(Supplied information)

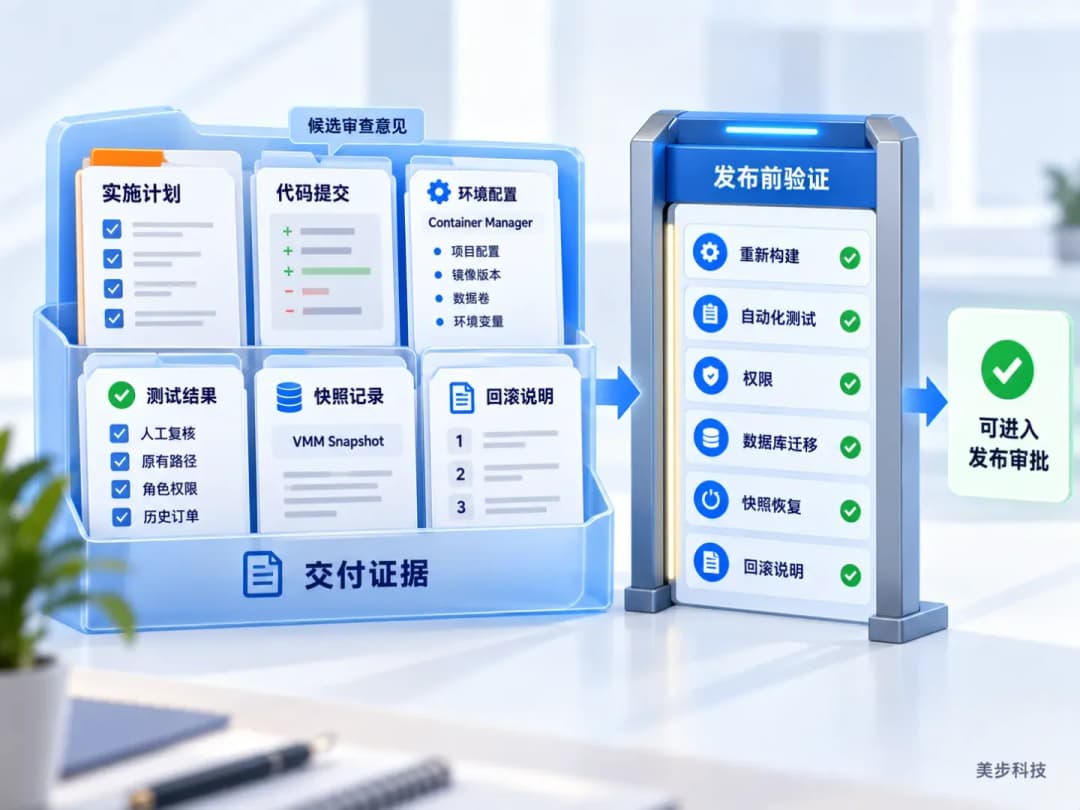 Superpowers开发交付证据与发布前验证示意图,实施计划、代码、测试、环境配置和VMM快照记录通过验证后进入发布审批,美步科技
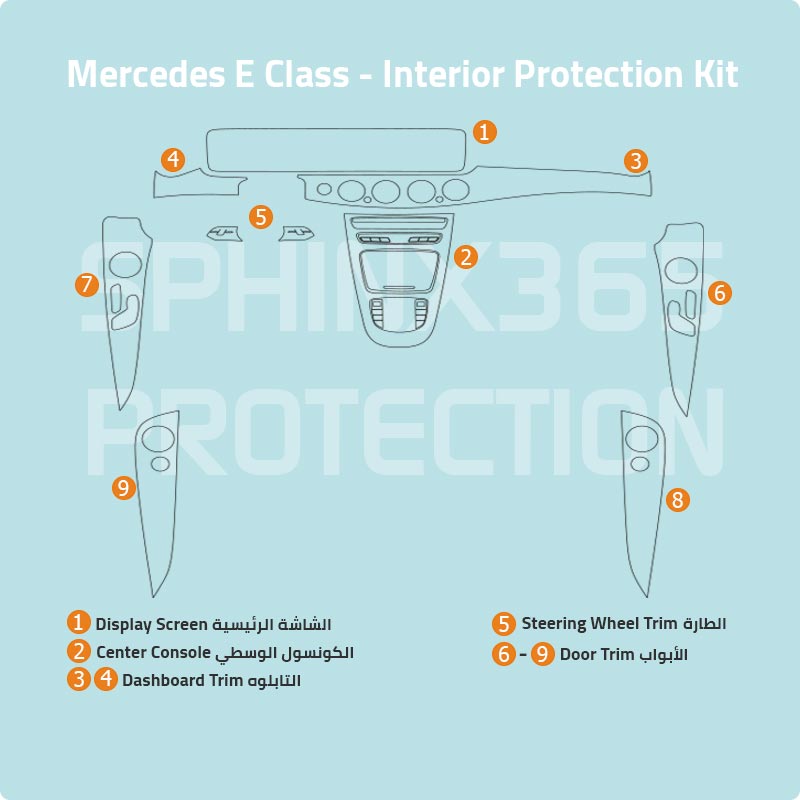 Mercedes-Benz E-Class W213 2023-2020 Interior Protection Kit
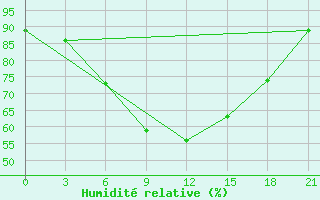 Courbe de l'humidit relative pour Sortavala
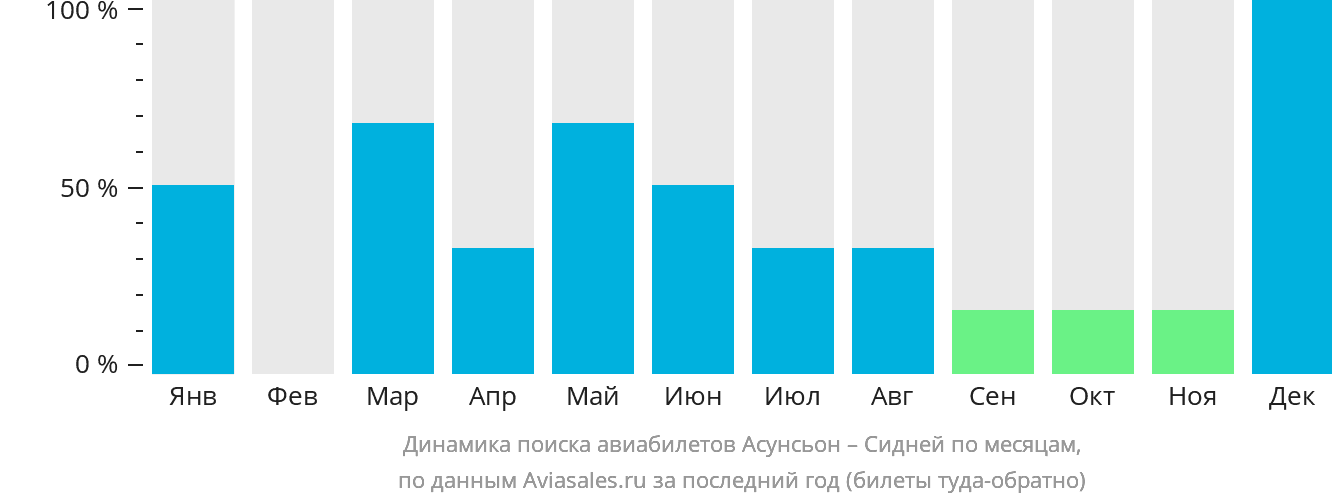 Динамика поиска авиабилетов из Асунсьона в Сидней по месяцам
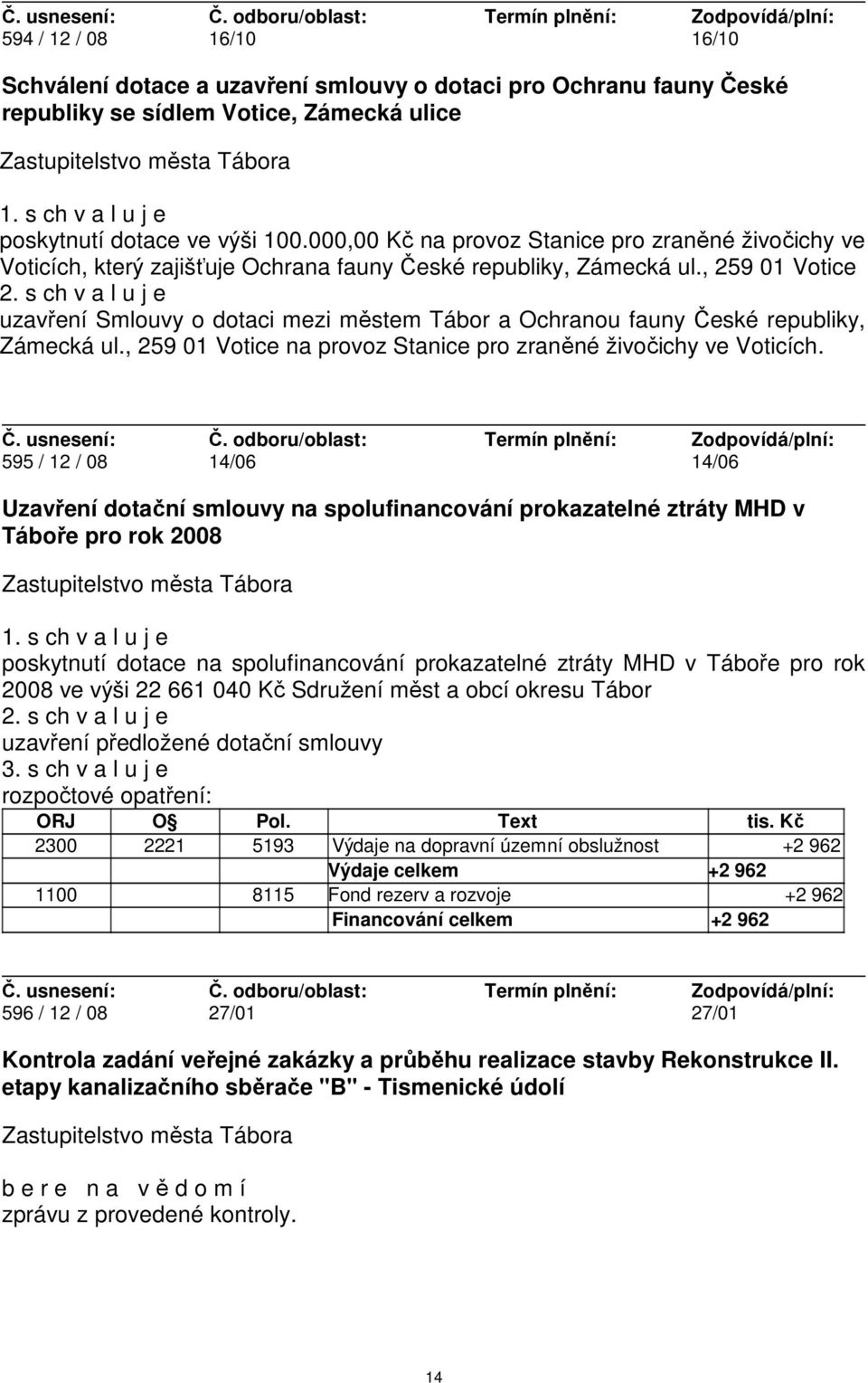 uzavření Smlouvy o dotaci mezi městem Tábor a Ochranou fauny České republiky, Zámecká ul., 259 01 Votice na provoz Stanice pro zraněné živočichy ve Voticích.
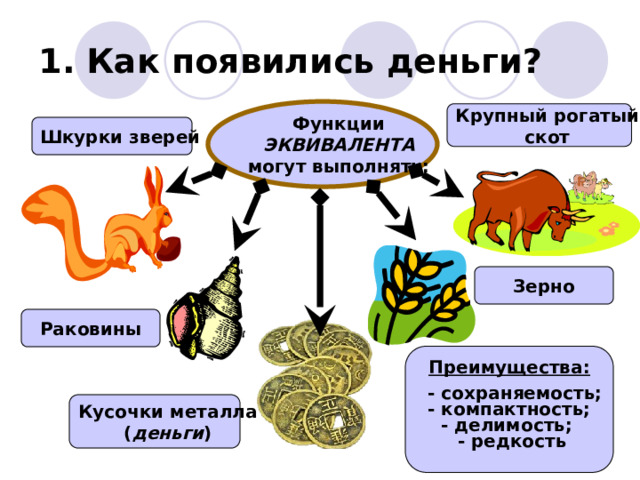 1. Как появились деньги? Функции ЭКВИВАЛЕНТА могут выполнять: Крупный рогатый скот Шкурки зверей Зерно Раковины Преимущества:     - сохраняемость; - компактность; Кусочки металла ( деньги ) - делимость; - редкость 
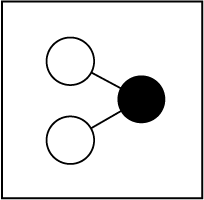 Perceptron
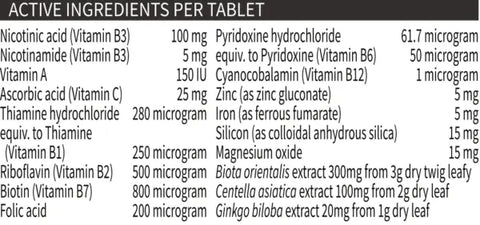 Biogency Piliant 60 Tablets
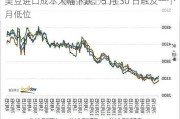 美豆进口成本大幅下跌：5 月 30 日触及一个月低位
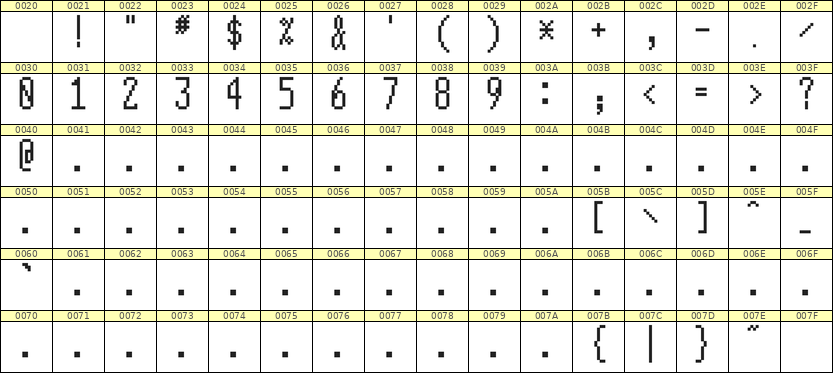 5×12数字点阵字体 ddN512AB1809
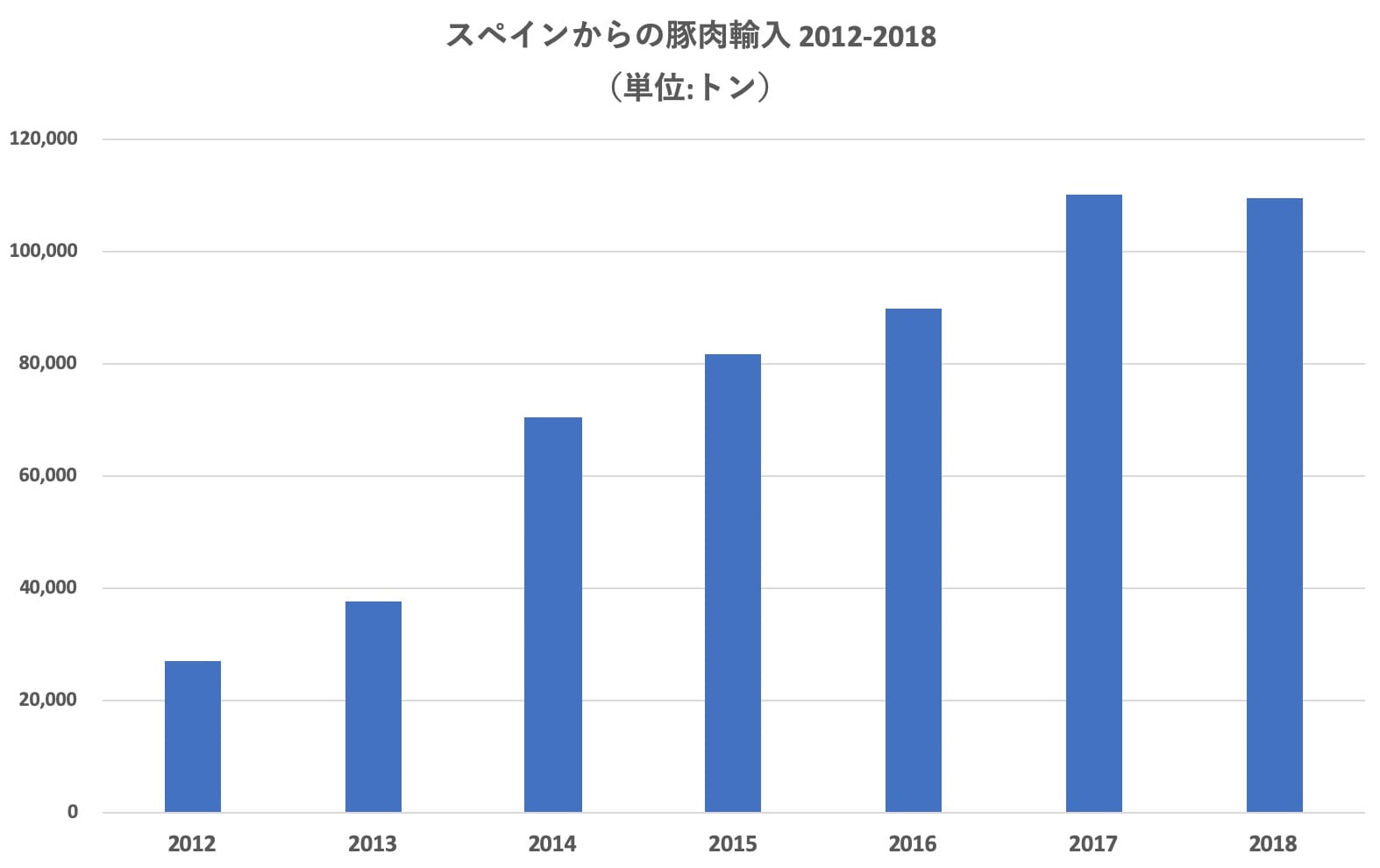 イベリコ豚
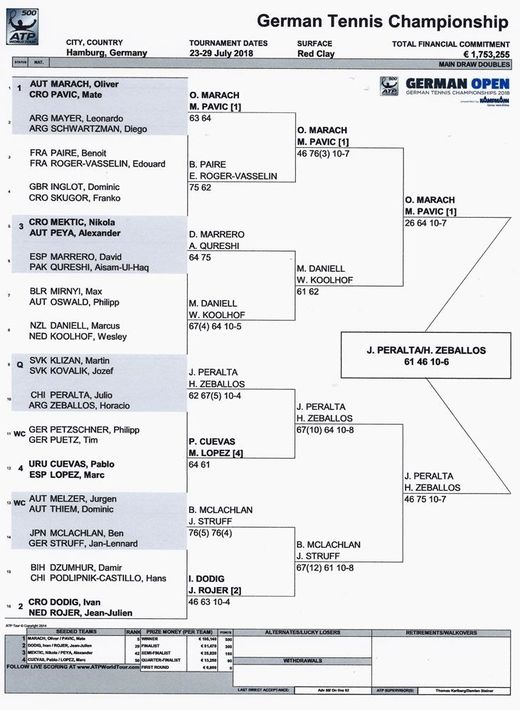 German Open Tennischampionships 2018 Doppel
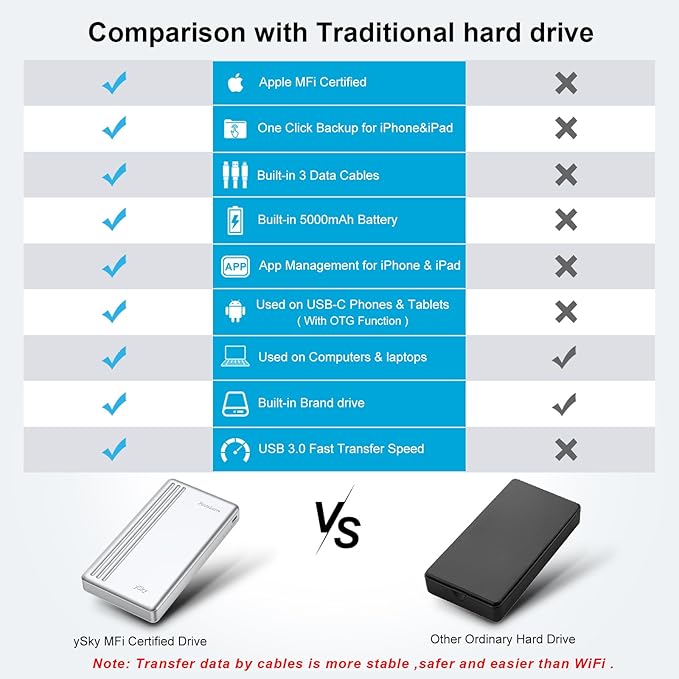 MFi Certified 2TB External Hard Drive for iPhone iPad MacBook ComputerPhoto Stick USB Flash Drive Storage Device for iPhone 17/16/ 15/14/13 to Backup Photo| Video | Music| File 【One-Touch Backup】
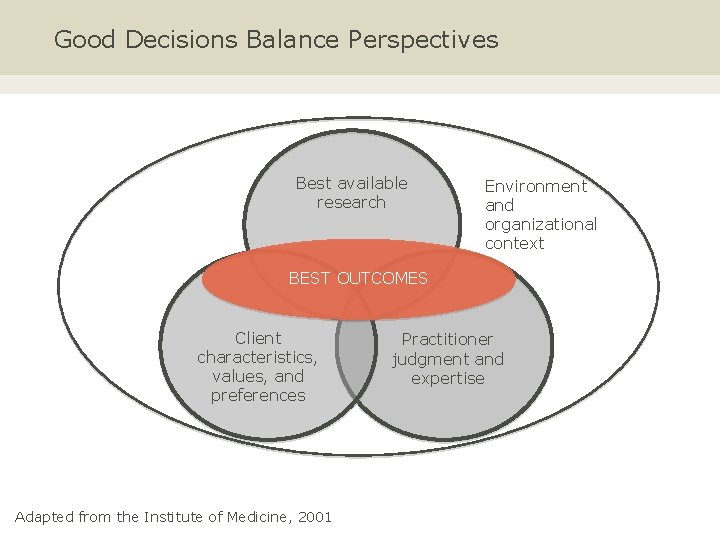 Good Decisions Balance Perspectives Best available research Environment and organizational context BEST OUTCOMES Client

(End Supplied information)

#### [The task]
Starting at the first line of the entries, restate word for word everything through the line that holds "Biogency Piliant 60 Tablets", both ends included, but omit any pictures.

#### [Answer for the task]
 Superpowers开发交付证据与发布前验证示意图,实施计划、代码、测试、环境配置和VMM快照记录通过验证后进入发布审批,美步科技
 Mercedes-Benz E-Class W213 2023-2020 Interior Protection Kit
 Courbe de l'humidit relative pour Sortavala
 Динамика поиска авиабилетов из Асунсьона в Сидней по месяцам
 uzavření Smlouvy o dotaci mezi městem Tábor a Ochranou fauny České republiky, Zámecká ul., 259 01 Votice na provoz Stanice pro zraněné živočichy ve Voticích.
 1. Как появились деньги? Функции ЭКВИВАЛЕНТА могут выполнять: Крупный рогатый скот Шкурки зверей Зерно Раковины Преимущества:     - сохраняемость; - компактность; Кусочки металла ( деньги ) - делимость; - редкость 
 Perceptron
 Biogency Piliant 60 Tablets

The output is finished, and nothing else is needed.